ZooKeeper Health Tests

ZooKeeper Canary

This is a ZooKeeper service-level health test that checks that basic client operations are working and are completing in a reasonable amount of time. This test reports the results of a periodic "canary" test that performs the following sequence of operations. First, it connects to and establishes a session (the root session) with the ZooKeeper service and creates a permanent znode to serve as the root of all canary operations. The canary test then connects to and establishes sessions (the child sessions) with each ZooKeeper server of the service. Each child session is used to create an ephemeral child znode under the canary root. After the child znodes have been created, watches that await znode deletion events are registered with each of the child znodes for each of the child sessions. The canary test then deletes each of the child znodes and then verifies that each child session has received deletion notifications for each of the child znodes.

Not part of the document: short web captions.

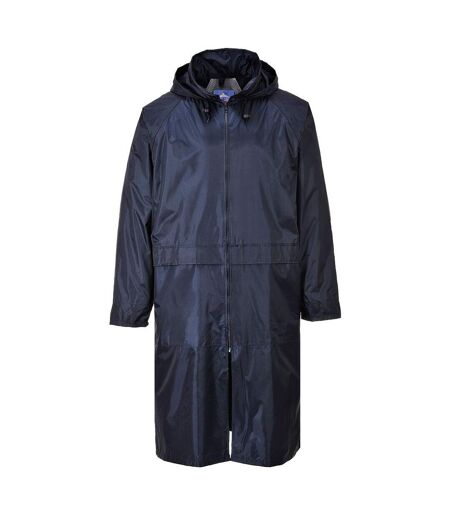 Portwest Mens Classic Raincoat (Navy)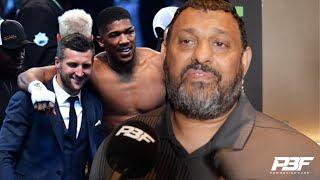 CHILDISH - PRINCE NASEEM HAMED REACTS TO CARL FROCH LEAKING ANTHONY JOSHUA WHATSAPP CONVERSATION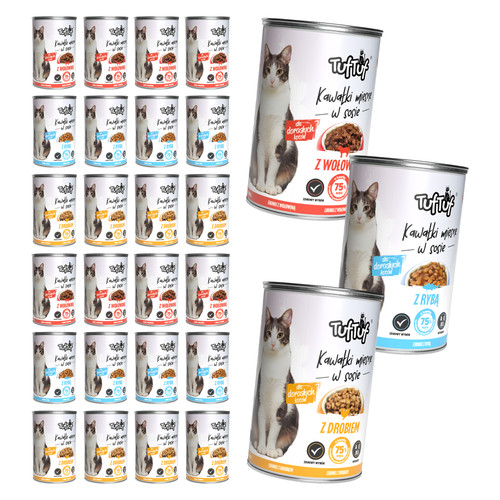 Tuftuf katzenfutter nassfutter - tuftuf,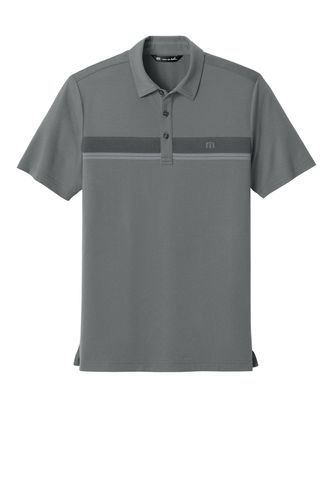 TravisMathew Glenview Stripe Polo image thumbnail
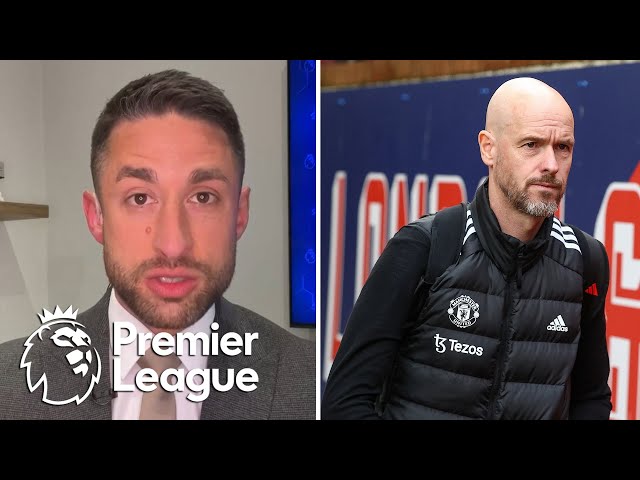 Erik ten Hag's future is 'complicated' at Manchester United | Premier League | NBC Sports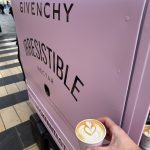luxury brand experiential marketing by the mobile coffee bean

Finally the canary test closes all the child sessions, deletes the root znode and closes the root session. The test returns "Bad" health if the establishment of the root session to the ZooKeeper service fails, the creation of znodes (permanent or ephemeral) fails, the deletion of znodes fails or the retrieval of child znodes of the root znode fails. The test returns "Concerning" health when the canary test succeeds but has one or more servers that could not participate in the canary test operations or if the canary test runs too slowly. A failure of this health test may indicate that ZooKeeper is failing to satisfy client requests correctly or in a timely fashion. Check the status of the ZooKeeper servers, and look in the ZooKeeper server logs for more details. This test can be enabled or disabled using the ZooKeeper Canary Health Check ZooKeeper service monitoring setting. The ZooKeeper Canary Root Znode Path, ZooKeeper Canary Connection Timeout, ZooKeeper Canary Session Timeout, ZooKeeper Canary Operation Timeout settings control the operation of the canary.

Short Name: ZooKeeper Canary

ZooKeeper Canary Connection Timeout

Description
Configures the timeout used by the canary for connection establishment with ZooKeeper servers
Template Name
zookeeper_canary_connection_timeout
Default Value
10000
Unit(s)
MILLISECONDS

ZooKeeper Canary Health Check

Description
Enables the health check that a client can connect to ZooKeeper and perform basic operations
Template Name
zookeeper_canary_health_enabled
Default Value
true
Unit(s)
no unit

ZooKeeper Canary Operation Timeout

Description
Configures the timeout used by the canary for ZooKeeper operations
Template Name
zookeeper_canary_operation_timeout
Default Value
30000
Unit(s)
MILLISECONDS

ZooKeeper Canary Root Znode Path

Description
Configures the path of the root znode under which all canary updates are performed
Template Name
zookeeper_canary_root_path
Default Value
/cloudera_manager_zookeeper_canary
Unit(s)
no unit

ZooKeeper Canary Session Timeout

Description
Configures the timeout used by the canary sessions with ZooKeeper servers
Template Name
zookeeper_canary_session_timeout
Default Value
30000
Unit(s)
MILLISECONDS

ZooKeeper Server Health

This is a ZooKeeper service-level health test that checks that enough of the Servers in the cluster are healthy. The test returns "Concerning" health if the number of healthy Servers falls below a warning threshold, expressed as a percentage of the total number of Servers. The test returns "Bad" health if the number of healthy and "Concerning" Servers falls below a critical threshold, expressed as a percentage of the total number of Servers. For example, if this test is configured with a warning threshold of 95% and a critical threshold of 90% for a cluster of 100 Servers, this test would return "Good" health if 95 or more Servers have good health. This test would return "Concerning" health if at least 90 Servers have either "Good" or "Concerning" health. If more than 10 Servers have bad health, this test would return "Bad" health. A failure of this health test indicates unhealthy Servers. Check the status of the individual Servers for more information. This test can be configured using the ZooKeeper ZooKeeper service-wide monitoring setting.

Short Name: Server Health

Healthy Server Monitoring Thresholds

Description
The health test thresholds of the overall Server health. The check returns "Concerning" health if the percentage of "Healthy" Servers falls below the warning threshold. The check is unhealthy if the total percentage of "Healthy" and "Concerning" Servers falls below the critical threshold.
Template Name
zookeeper_servers_healthy_thresholds
Default Value
critical:51.0, warning:99.0
Unit(s)
PERCENT